** Activity **
Once the line containing "夜间街道上人群聚集观看表演或活动 远处有灯光照亮的建筑物" is found, retype it and each line after it through the last entry below, word for word, and nothing else.

======== Provided data

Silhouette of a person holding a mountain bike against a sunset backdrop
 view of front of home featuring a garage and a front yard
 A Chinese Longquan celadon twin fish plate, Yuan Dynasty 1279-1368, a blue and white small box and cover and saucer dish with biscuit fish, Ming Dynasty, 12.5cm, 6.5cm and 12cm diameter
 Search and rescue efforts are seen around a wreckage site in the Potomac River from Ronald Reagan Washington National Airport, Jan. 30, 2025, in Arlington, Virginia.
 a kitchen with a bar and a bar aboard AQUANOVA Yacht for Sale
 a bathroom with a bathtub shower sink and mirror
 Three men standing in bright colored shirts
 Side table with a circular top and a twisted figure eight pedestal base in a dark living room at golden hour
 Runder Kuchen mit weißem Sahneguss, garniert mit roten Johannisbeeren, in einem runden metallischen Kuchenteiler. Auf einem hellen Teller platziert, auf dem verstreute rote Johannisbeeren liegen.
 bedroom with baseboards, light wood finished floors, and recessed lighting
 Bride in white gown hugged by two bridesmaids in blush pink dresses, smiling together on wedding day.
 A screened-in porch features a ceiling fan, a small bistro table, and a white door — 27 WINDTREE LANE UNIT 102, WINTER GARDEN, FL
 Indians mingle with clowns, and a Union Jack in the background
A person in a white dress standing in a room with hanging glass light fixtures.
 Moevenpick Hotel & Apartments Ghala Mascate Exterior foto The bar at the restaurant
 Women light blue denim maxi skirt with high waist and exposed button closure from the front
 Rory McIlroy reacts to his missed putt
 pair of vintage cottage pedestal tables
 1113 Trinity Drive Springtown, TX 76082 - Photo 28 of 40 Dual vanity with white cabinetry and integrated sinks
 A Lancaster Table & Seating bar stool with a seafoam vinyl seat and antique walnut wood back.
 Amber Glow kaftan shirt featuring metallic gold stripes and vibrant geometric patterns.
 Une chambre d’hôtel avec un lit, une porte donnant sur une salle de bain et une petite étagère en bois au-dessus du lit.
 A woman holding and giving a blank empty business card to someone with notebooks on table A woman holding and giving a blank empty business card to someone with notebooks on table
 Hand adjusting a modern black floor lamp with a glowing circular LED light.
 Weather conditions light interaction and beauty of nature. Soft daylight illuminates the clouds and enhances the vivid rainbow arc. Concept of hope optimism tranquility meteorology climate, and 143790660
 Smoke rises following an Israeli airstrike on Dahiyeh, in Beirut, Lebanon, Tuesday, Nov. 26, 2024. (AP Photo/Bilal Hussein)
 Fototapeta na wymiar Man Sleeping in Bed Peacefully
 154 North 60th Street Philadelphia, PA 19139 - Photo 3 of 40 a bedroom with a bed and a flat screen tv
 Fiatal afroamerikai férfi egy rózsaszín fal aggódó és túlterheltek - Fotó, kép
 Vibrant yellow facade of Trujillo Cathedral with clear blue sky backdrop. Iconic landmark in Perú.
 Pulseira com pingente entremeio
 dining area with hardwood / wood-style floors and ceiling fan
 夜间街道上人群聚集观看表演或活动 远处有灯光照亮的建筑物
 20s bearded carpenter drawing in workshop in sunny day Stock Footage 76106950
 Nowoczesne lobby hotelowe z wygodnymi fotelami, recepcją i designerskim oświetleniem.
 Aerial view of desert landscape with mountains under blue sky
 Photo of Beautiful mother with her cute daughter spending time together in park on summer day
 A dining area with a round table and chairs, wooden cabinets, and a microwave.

================

** Worked solution **
 夜间街道上人群聚集观看表演或活动 远处有灯光照亮的建筑物
 20s bearded carpenter drawing in workshop in sunny day Stock Footage 76106950
 Nowoczesne lobby hotelowe z wygodnymi fotelami, recepcją i designerskim oświetleniem.
 Aerial view of desert landscape with mountains under blue sky
 Photo of Beautiful mother with her cute daughter spending time together in park on summer day
 A dining area with a round table and chairs, wooden cabinets, and a microwave.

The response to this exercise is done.